When I was going to school in Baltimore around 1990, there was a weird form of cultural theft afoot. Many of the houses in the city had white marble steps – not entirely unlike the granite curbs, steps, foundation stones and lawn elements we find throughout Maine. White marble is valuable, and so aggressive individuals would either outright steal the marble elements or pretend to give the homeowners a deal by replacing the steps with basic brick.
Who were the most common victims? Who would be so easily targeted by veiled threats of official action? Well, let’s just say bigotry was alive and well in 1990 in a sub Mason-Dixon border place such as Baltimore.
So, when I saw Sebastian Martorana’s stacked pair of marble bars with the top element incisively carved as a worn set of brick steps at the Ogunquit Museum of American Art, I bristled. Where did this marble come from?

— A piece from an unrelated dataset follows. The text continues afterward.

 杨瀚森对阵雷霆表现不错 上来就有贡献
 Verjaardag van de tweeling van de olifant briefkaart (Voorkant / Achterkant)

This disturbing question quickly appeared to dovetail with the cultural messaging in “Subject Matters: Sebastian Martorana in Sculpture.” We’ve had some well-intentioned political misfires with sculpture recently in Maine, such as with John Bisbee’s 2018 “American Steel,” that could have been solved simply with a clear statement by the curator or the artist, but the Baltimore-based Martorana’s 21 sculptures on display in Ogunquit make a clear set of politically-inclined cultural statements.
It might seem like white marble brick steps stacked on a width of white marble wouldn’t make sense as a sculptural object. But the combination of Martorana’s rarified skill with his exploration of the everyday quickly amounts to work available to everyone. The steps, in fact, are the most arcane work in the show. Martorana’s work also includes marble-carved towels on racks, workers’ gloves carved from observation and icons as recognizable as Kermit the Frog and Mario of Super Mario Bros.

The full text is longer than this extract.